(Listed records)
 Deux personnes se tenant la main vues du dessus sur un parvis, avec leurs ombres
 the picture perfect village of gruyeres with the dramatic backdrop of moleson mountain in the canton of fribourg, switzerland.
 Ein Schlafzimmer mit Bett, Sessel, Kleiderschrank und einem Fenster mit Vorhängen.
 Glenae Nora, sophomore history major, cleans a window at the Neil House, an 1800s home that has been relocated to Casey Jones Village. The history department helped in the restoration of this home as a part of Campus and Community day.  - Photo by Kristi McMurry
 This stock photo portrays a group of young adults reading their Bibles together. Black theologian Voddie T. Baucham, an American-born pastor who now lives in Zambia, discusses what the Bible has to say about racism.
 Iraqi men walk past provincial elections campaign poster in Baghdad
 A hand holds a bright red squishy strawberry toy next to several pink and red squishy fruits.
(End Listed records)
(Listed records)
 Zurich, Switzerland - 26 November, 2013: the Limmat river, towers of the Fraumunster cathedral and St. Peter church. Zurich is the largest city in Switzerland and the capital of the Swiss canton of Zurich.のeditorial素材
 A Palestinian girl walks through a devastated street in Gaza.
(End Listed records)
* **Exercise directions**
Report how many lines of the records hold the word "canton", and supply no other text.

* **Exercise solution**
2